## [Exercise]
Every line of the data below must be given again exactly.

## [Dataset records]
>>

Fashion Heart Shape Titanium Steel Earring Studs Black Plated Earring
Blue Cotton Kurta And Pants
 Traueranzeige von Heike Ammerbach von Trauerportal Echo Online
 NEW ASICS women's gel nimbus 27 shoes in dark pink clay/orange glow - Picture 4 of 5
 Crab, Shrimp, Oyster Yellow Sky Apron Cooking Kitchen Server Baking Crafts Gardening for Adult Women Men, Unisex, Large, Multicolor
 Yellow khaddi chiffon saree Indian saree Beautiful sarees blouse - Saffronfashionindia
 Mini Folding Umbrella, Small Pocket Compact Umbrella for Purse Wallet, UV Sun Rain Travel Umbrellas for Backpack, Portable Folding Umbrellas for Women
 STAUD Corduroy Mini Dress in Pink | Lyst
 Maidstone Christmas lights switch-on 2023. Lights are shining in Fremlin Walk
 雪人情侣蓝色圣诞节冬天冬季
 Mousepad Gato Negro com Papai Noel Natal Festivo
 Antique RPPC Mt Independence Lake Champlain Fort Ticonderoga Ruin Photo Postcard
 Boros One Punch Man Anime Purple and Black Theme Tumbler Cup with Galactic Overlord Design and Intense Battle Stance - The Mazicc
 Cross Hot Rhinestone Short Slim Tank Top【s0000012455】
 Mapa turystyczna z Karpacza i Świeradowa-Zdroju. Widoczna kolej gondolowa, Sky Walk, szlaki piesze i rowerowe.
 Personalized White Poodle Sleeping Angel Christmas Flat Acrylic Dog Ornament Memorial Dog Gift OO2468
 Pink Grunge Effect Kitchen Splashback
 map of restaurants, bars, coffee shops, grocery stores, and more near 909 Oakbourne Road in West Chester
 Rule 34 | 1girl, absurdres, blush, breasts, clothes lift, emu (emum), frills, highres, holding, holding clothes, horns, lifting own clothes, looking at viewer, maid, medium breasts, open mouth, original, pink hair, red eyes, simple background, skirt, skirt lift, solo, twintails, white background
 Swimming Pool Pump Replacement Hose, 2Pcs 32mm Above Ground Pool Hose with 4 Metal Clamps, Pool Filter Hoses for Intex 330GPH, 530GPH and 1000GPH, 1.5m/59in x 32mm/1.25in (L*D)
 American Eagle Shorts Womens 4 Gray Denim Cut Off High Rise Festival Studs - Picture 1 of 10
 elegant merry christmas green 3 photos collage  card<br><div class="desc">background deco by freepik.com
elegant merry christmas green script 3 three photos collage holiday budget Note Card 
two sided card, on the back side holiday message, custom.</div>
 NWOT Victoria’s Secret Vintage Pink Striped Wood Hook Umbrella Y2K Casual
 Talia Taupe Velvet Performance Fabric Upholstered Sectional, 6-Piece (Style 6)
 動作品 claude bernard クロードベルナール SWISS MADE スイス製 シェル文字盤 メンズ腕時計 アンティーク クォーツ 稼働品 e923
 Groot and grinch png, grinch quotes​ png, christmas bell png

<<

## [Completed exercise]
Fashion Heart Shape Titanium Steel Earring Studs Black Plated Earring
Blue Cotton Kurta And Pants
 Traueranzeige von Heike Ammerbach von Trauerportal Echo Online
 NEW ASICS women's gel nimbus 27 shoes in dark pink clay/orange glow - Picture 4 of 5
 Crab, Shrimp, Oyster Yellow Sky Apron Cooking Kitchen Server Baking Crafts Gardening for Adult Women Men, Unisex, Large, Multicolor
 Yellow khaddi chiffon saree Indian saree Beautiful sarees blouse - Saffronfashionindia
 Mini Folding Umbrella, Small Pocket Compact Umbrella for Purse Wallet, UV Sun Rain Travel Umbrellas for Backpack, Portable Folding Umbrellas for Women
 STAUD Corduroy Mini Dress in Pink | Lyst
 Maidstone Christmas lights switch-on 2023. Lights are shining in Fremlin Walk
 雪人情侣蓝色圣诞节冬天冬季
 Mousepad Gato Negro com Papai Noel Natal Festivo
 Antique RPPC Mt Independence Lake Champlain Fort Ticonderoga Ruin Photo Postcard
 Boros One Punch Man Anime Purple and Black Theme Tumbler Cup with Galactic Overlord Design and Intense Battle Stance - The Mazicc
 Cross Hot Rhinestone Short Slim Tank Top【s0000012455】
 Mapa turystyczna z Karpacza i Świeradowa-Zdroju. Widoczna kolej gondolowa, Sky Walk, szlaki piesze i rowerowe.
 Personalized White Poodle Sleeping Angel Christmas Flat Acrylic Dog Ornament Memorial Dog Gift OO2468
 Pink Grunge Effect Kitchen Splashback
 map of restaurants, bars, coffee shops, grocery stores, and more near 909 Oakbourne Road in West Chester
 Rule 34 | 1girl, absurdres, blush, breasts, clothes lift, emu (emum), frills, highres, holding, holding clothes, horns, lifting own clothes, looking at viewer, maid, medium breasts, open mouth, original, pink hair, red eyes, simple background, skirt, skirt lift, solo, twintails, white background
 Swimming Pool Pump Replacement Hose, 2Pcs 32mm Above Ground Pool Hose with 4 Metal Clamps, Pool Filter Hoses for Intex 330GPH, 530GPH and 1000GPH, 1.5m/59in x 32mm/1.25in (L*D)
 American Eagle Shorts Womens 4 Gray Denim Cut Off High Rise Festival Studs - Picture 1 of 10
 elegant merry christmas green 3 photos collage  card<br><div class="desc">background deco by freepik.com
elegant merry christmas green script 3 three photos collage holiday budget Note Card 
two sided card, on the back side holiday message, custom.</div>
 NWOT Victoria’s Secret Vintage Pink Striped Wood Hook Umbrella Y2K Casual
 Talia Taupe Velvet Performance Fabric Upholstered Sectional, 6-Piece (Style 6)
 動作品 claude bernard クロードベルナール SWISS MADE スイス製 シェル文字盤 メンズ腕時計 アンティーク クォーツ 稼働品 e923
 Groot and grinch png, grinch quotes​ png, christmas bell png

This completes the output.